MISSIONARY STATESMANSHIP.

KARL LUDWIG KRAPF is a name destined to perpetual remembrance in connection with the redemption of Africa. With him and his associate, John Rebmann, began the wonderful discoveries of the last half century of African exploration. They were a year ahead of Livingstone, the South African factor in unveiling Africa. Rebmann's discovery of Mount Kilimanjaro, in 1848, was the stimulus of Baikie and Barth, of Burton and Speke, and even of Livingstone's discovery of Lake Nyassa; for, without knowing that Tanganyika and Victoria Nyanza had been discovered, the latter pressed on to find the inland sea of which Rebmann had heard.

Krapf was a missionary statesman as well as hero. Fifty-five years ago, his wife and child having died, he dragged himself from his fever bed to superintend their burial, there being no one else to do it. He went back to his bed, not disheartened, though his heart affections lay buried. He was lonely and still ill, but if he could not work he could think. Think and plan he did. Some thought his plans were those of a fevered brain, chimerical at the best. One of these plans-wild-looking enough then-was that a chain of missions should be established straight across Africa from Mombasa to the Gaboon on the equator, West Africa. That "chain" is not yet realized. If anything, it is as little or less probable than it was when Krapf, two months before his death, in 1881, wrote that missionary agents must "not faint and not rest until a chain of stations has connected East and West Africa, whatever the world and our own incredulity may have to say against this great missionary scheme." That was thirty-seven years after he worked out the thought on his sick bed, by the new grave of his wife and child.

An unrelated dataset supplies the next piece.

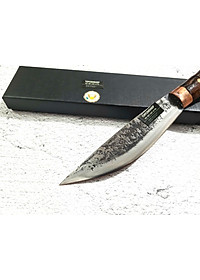 product-img-8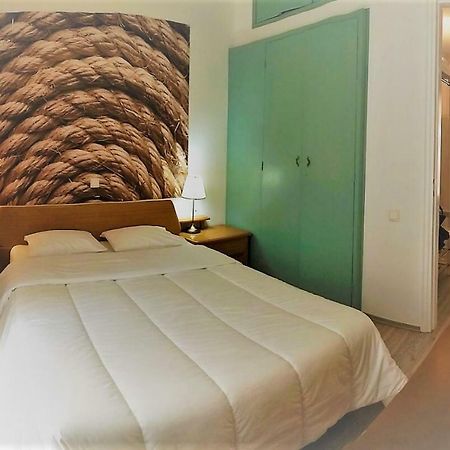 Flat31 Daire Atina Dış mekan fotoğraf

But a great idea is a species of inspiration-if not of revelation—

though the discoverer rarely gets more than a crude conception of what is to be realized from his idea, whether in the department of geography, economics, science, or government. The fundamental plan that Krapf cherished was to biscct the continent. Girdling the continent was already in the plan of evangelizing Africa. From Cairo to the Cape the concept of a line of missions was gradually evolved by Henry Venn and David Livingstone. The lateral line of bisecting was Krapf's-singlehanded or single-headed. Its application, on the geographical basis Krapf conceived, was not found to be the providential way, but the suggestion of a great line of cleavage through this gigantic heathenism was as masterful as that which led to Sherman's march to the sea. It was statecraft or military strategy of the highest order.

By the leadings of divine Providence this conception of Krapf has now almost become a reality-not from Mombasa to the Gaboon, nevertheless, from "salt sea to salt sea. "" The section map of Africa from longitude ten degrees east to forty degrees, and from three degrees north latitude to seven south latitude-that is, of South Central Africa for ten degrees of latitude and thirty degrees of longitude-exhibits a continuous waterway from Mombasa, where Krapf had his vision, to the mouth of the Congo on the Atlantic coast. What would not Krapf have given for such a map ! A hundred years ago the ablest geographers said that Africa was "penetrated by no inland seas, nor overspread with lakes, like those of North America, nor having in common with other continents rivers running from the center to the extremities." Fifty years ago a president of the Royal Geographical Society of Great Britain said, "All beyond the coast of Central and Southern Africa is still a blank in our maps." But if Krapf had had the present map, his fancy of a chain of missions across Africa would not seem so extremely bold.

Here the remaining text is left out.